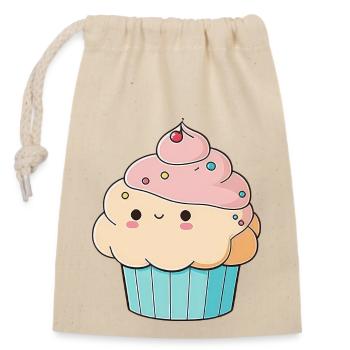 Cupcake Muffin Cake Sweet Kawaii Cute Food - Closable cotton gift bag (14x20cm) - nature - Front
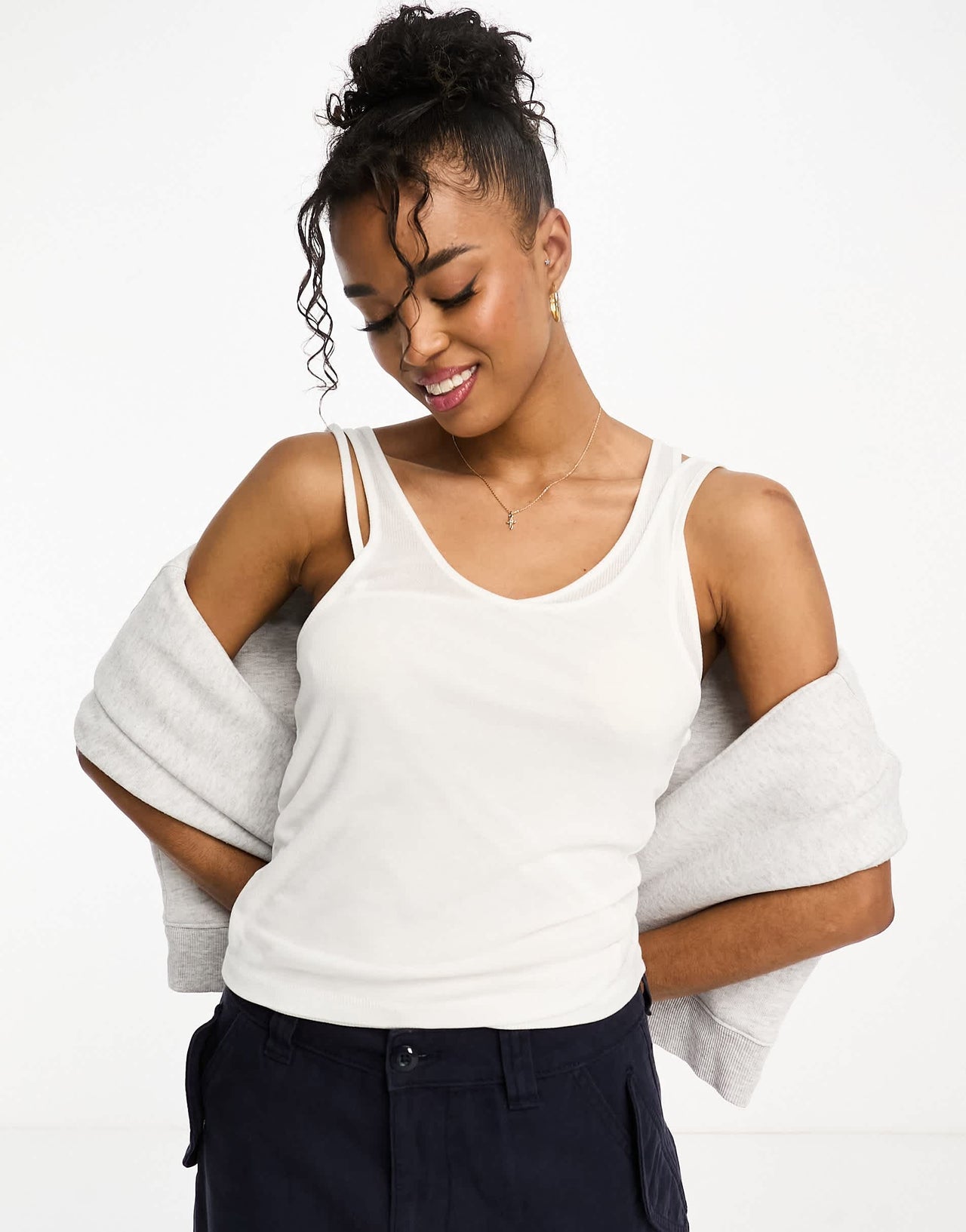 Pull&Bear layered vest with asymmetric strap detail in white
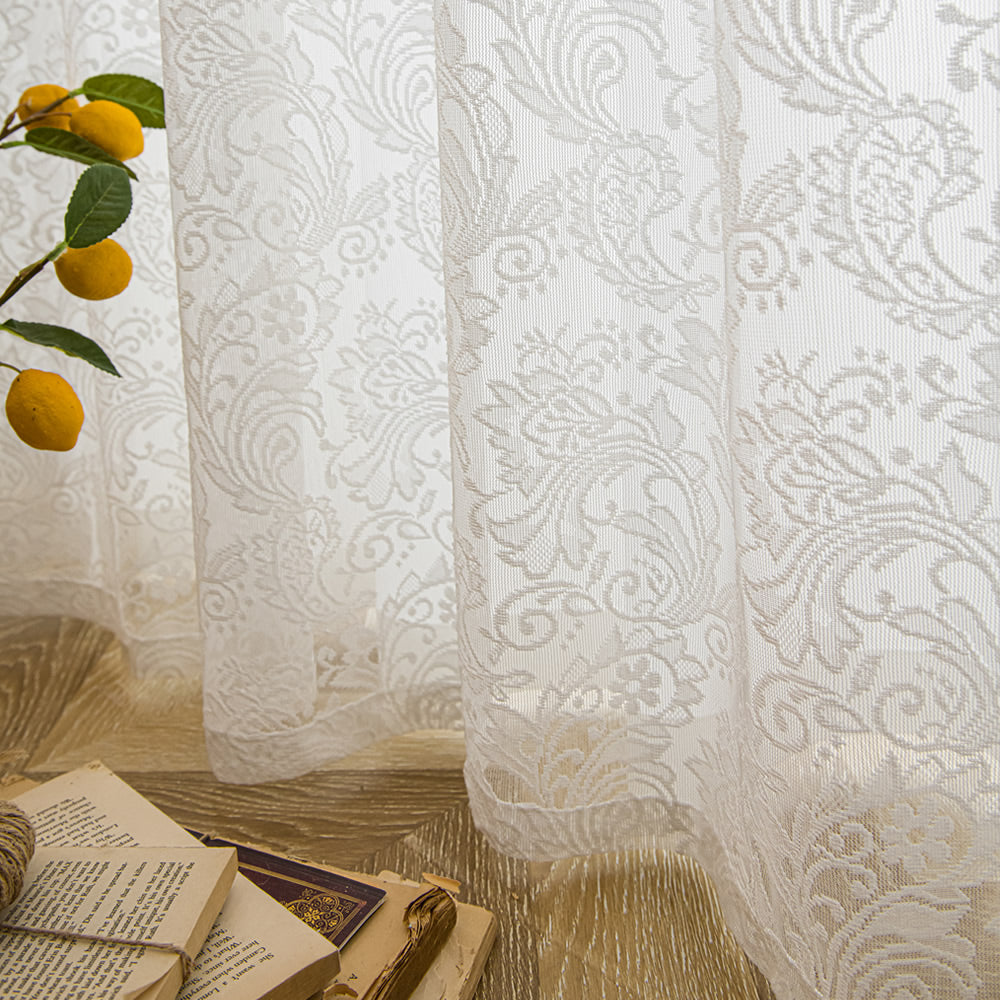 Chic White Sheer Curtains with Lace Inlaid Pearl and Distinctive Wave Trim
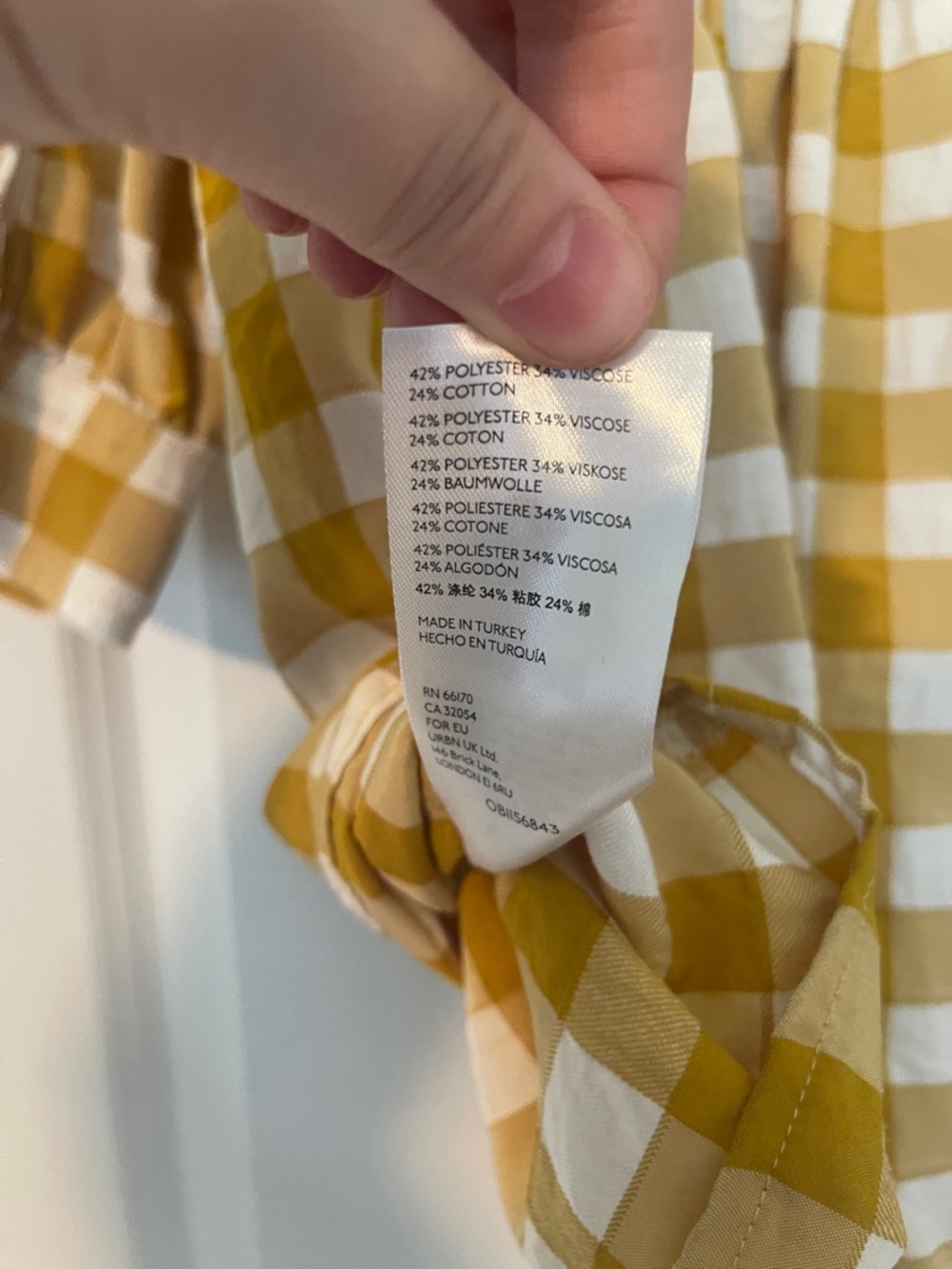 Anthropologie Mustard and White Gingham Peplum Tunic - Picture 6 of 6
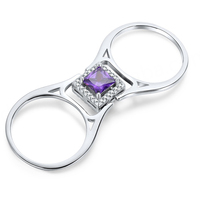 Bague réversible en argent sterling 925 plaqué rhodium avec améthyste naturelle pour mariage ou fête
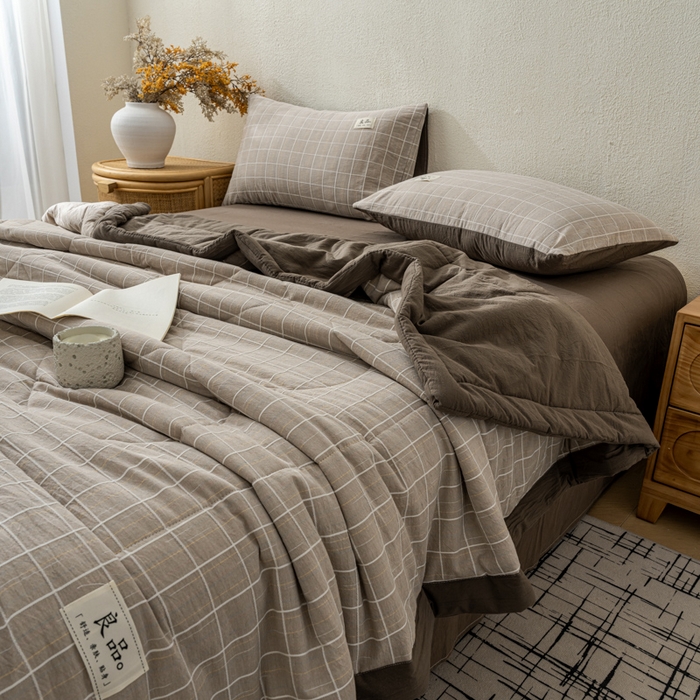 91家纺网 家纺一手货源 找家纺 恋人优选 2026新款锦绣提花全棉夏被空调被 锦绣-焦糖咖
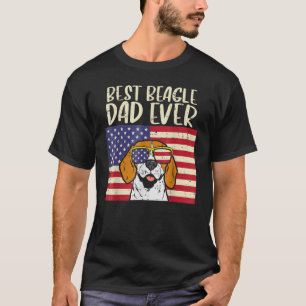 Mens Best Beagle Dad Ever Flag Patriotic Dog  Fath T-Shirt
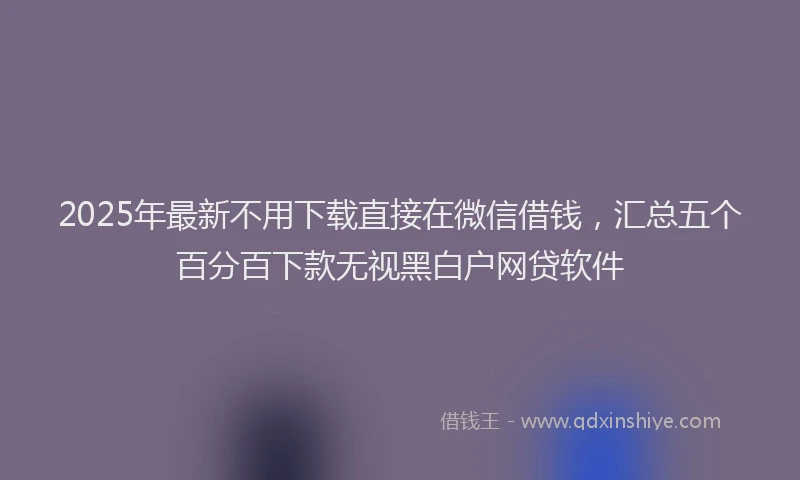 2025年最新不用下载直接在微信借钱，汇总五个百分百下款无视黑白户网贷软件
_____
▶ Description of the task
Lines from the one containing "Chic White Sheer" through the final line of the entries above are to be retyped exactly, with every picture left out.

▶ Solved exercise
 Chic White Sheer Curtains with Lace Inlaid Pearl and Distinctive Wave Trim
 Anthropologie Mustard and White Gingham Peplum Tunic - Picture 6 of 6
 Bague réversible en argent sterling 925 plaqué rhodium avec améthyste naturelle pour mariage ou fête
 91家纺网 家纺一手货源 找家纺 恋人优选 2026新款锦绣提花全棉夏被空调被 锦绣-焦糖咖
 Mens Best Beagle Dad Ever Flag Patriotic Dog  Fath T-Shirt
 2025年最新不用下载直接在微信借钱，汇总五个百分百下款无视黑白户网贷软件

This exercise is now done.